In a 2014 New Yorker piece on the failure of negotiations in the Waco standoff, Malcolm Gladwell provided an inventory of the veritable army amassed at the scene: “Outside the Mount Carmel complex, the FBI assembled what has been called probably the largest military force ever gathered against a civilian suspect in American history: 10 Bradley tanks, two Abrams tanks, four combat-engineering vehicles, 668 agents in addition to six U.S. Customs officers, 15 U.S. Army personnel, 13 members of the Texas National Guard, 31 Texas Rangers, 131 officers from the Texas Department of Public Safety, 17 from the McLennan County sheriff’s office, and 18 Waco police, for a total of 899 people. Their task, as they saw it, was to peel away the pretense — Koresh’s posturing, his lies, his grandiosity — and compel him to take specific steps toward a resolution.”
It all went up in flames.
“It was unnecessary, unnecessary, unnecessary and it never should have happened,” Tabor said.
‘I would not do it again’
“We should have waited them out,” Bill Clinton said in 2005 at a retrospective on his administration at Hofstra University.

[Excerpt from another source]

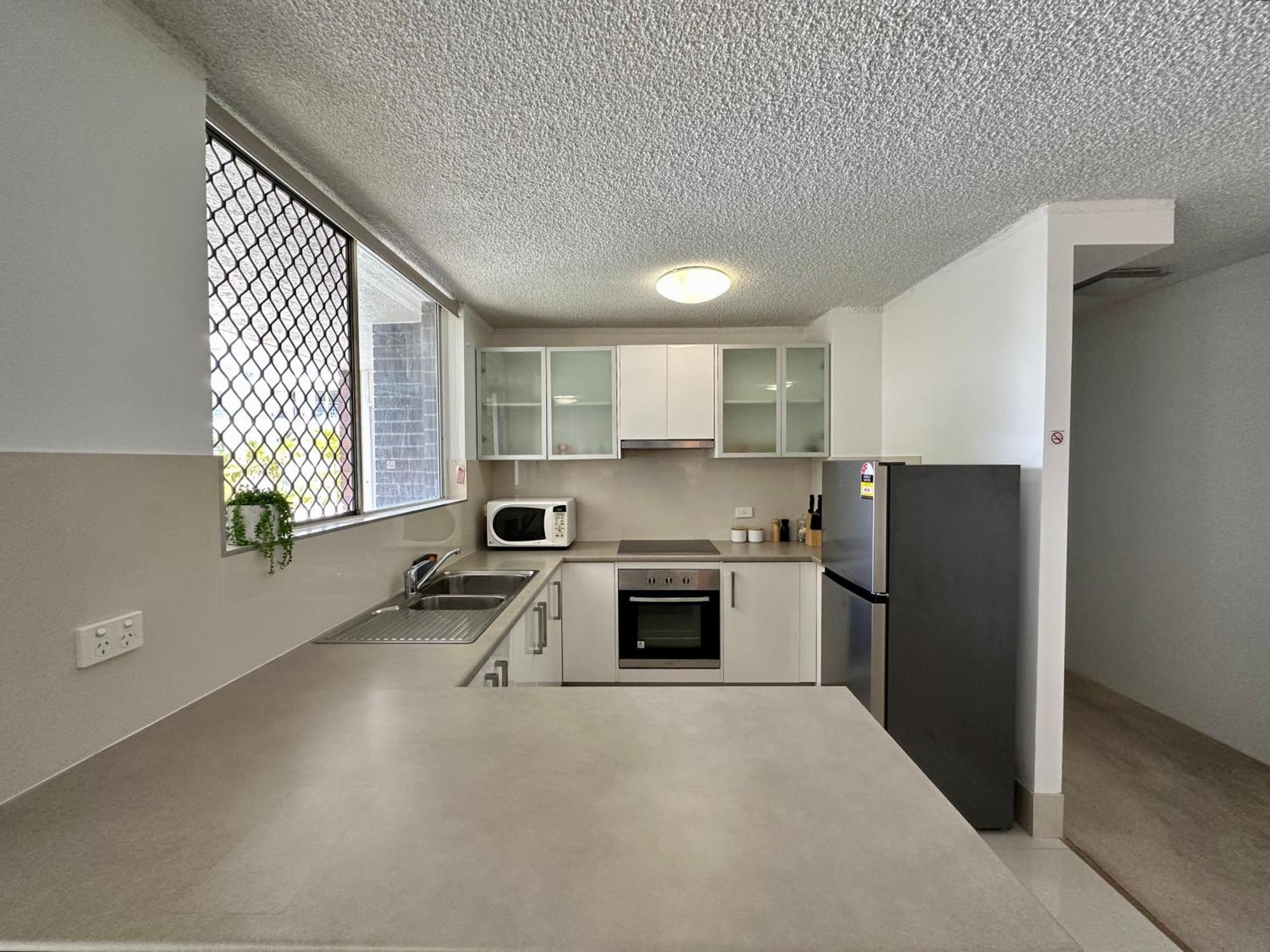 Meridian Tower Kirra Beach Coolangatta Exterior photo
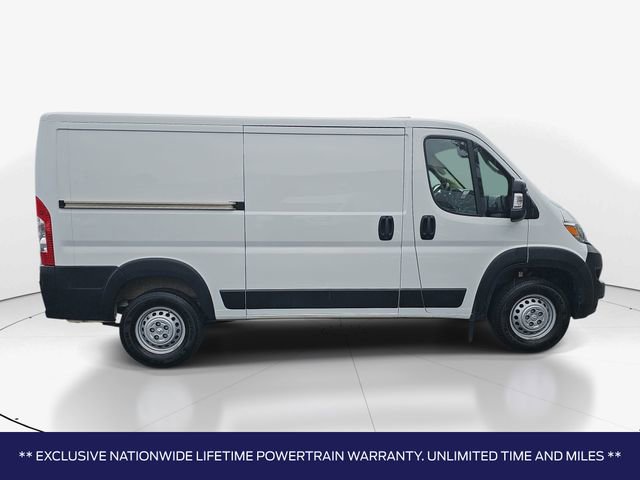 Used 2025 RAM ProMaster 2500 w/ Convenience Group FWD video 3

Reno had been Clinton’s third pick for attorney general after it turned out his first two choices — Zoë Baird and Kimba Wood — each had employed unauthorized immigrant women as nannies. Reno was sworn into office on March 12 — two weeks into the standoff — and Clinton recalled that she was under “enormous pressure from the FBI” to let them end the siege.
“I am responsible for that because I told her, if that’s what they want to do, and she thought it was right,” Clinton said. “It was a mistake and I’m responsible. And that’s not one of those you get A for effort on.”
Reno ended up serving through the end of Clinton’s second term, making her the longest-serving attorney general of the 20th century. Before she left office, she also offered a modest mea culpa.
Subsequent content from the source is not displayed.